[Dataset entries]
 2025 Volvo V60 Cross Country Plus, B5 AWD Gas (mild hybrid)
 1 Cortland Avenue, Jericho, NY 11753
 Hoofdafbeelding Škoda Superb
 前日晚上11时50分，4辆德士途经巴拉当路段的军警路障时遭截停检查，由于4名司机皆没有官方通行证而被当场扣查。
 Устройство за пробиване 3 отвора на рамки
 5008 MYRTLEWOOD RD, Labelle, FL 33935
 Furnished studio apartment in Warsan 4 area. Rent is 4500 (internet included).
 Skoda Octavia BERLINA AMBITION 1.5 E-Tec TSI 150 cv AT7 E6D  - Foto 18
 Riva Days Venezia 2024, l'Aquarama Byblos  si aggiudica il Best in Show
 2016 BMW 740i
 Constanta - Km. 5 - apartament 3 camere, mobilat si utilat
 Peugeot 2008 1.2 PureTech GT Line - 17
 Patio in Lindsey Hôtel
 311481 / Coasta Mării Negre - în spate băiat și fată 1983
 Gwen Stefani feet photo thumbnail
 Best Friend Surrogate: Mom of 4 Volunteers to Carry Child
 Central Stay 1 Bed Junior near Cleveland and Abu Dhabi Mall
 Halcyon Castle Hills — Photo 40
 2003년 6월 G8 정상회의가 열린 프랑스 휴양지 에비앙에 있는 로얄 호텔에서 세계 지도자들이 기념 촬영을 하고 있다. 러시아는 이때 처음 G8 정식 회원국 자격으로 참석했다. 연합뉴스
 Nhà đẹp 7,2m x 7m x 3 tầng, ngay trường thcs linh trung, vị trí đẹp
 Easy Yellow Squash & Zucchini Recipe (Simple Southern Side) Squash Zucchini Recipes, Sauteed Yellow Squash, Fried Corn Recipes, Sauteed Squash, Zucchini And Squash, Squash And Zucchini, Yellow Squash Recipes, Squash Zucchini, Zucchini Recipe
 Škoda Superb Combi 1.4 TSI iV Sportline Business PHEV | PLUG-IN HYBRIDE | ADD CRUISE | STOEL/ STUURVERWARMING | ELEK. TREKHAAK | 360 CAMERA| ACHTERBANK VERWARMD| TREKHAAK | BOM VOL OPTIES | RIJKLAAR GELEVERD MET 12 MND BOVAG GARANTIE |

Exercise brief.
Once you have read the records, write every one of them out again exactly.

Response for this exercise.
 2025 Volvo V60 Cross Country Plus, B5 AWD Gas (mild hybrid)
 1 Cortland Avenue, Jericho, NY 11753
 Hoofdafbeelding Škoda Superb
 前日晚上11时50分，4辆德士途经巴拉当路段的军警路障时遭截停检查，由于4名司机皆没有官方通行证而被当场扣查。
 Устройство за пробиване 3 отвора на рамки
 5008 MYRTLEWOOD RD, Labelle, FL 33935
 Furnished studio apartment in Warsan 4 area. Rent is 4500 (internet included).
 Skoda Octavia BERLINA AMBITION 1.5 E-Tec TSI 150 cv AT7 E6D  - Foto 18
 Riva Days Venezia 2024, l'Aquarama Byblos  si aggiudica il Best in Show
 2016 BMW 740i
 Constanta - Km. 5 - apartament 3 camere, mobilat si utilat
 Peugeot 2008 1.2 PureTech GT Line - 17
 Patio in Lindsey Hôtel
 311481 / Coasta Mării Negre - în spate băiat și fată 1983
 Gwen Stefani feet photo thumbnail
 Best Friend Surrogate: Mom of 4 Volunteers to Carry Child
 Central Stay 1 Bed Junior near Cleveland and Abu Dhabi Mall
 Halcyon Castle Hills — Photo 40
 2003년 6월 G8 정상회의가 열린 프랑스 휴양지 에비앙에 있는 로얄 호텔에서 세계 지도자들이 기념 촬영을 하고 있다. 러시아는 이때 처음 G8 정식 회원국 자격으로 참석했다. 연합뉴스
 Nhà đẹp 7,2m x 7m x 3 tầng, ngay trường thcs linh trung, vị trí đẹp
 Easy Yellow Squash & Zucchini Recipe (Simple Southern Side) Squash Zucchini Recipes, Sauteed Yellow Squash, Fried Corn Recipes, Sauteed Squash, Zucchini And Squash, Squash And Zucchini, Yellow Squash Recipes, Squash Zucchini, Zucchini Recipe
 Škoda Superb Combi 1.4 TSI iV Sportline Business PHEV | PLUG-IN HYBRIDE | ADD CRUISE | STOEL/ STUURVERWARMING | ELEK. TREKHAAK | 360 CAMERA| ACHTERBANK VERWARMD| TREKHAAK | BOM VOL OPTIES | RIJKLAAR GELEVERD MET 12 MND BOVAG GARANTIE |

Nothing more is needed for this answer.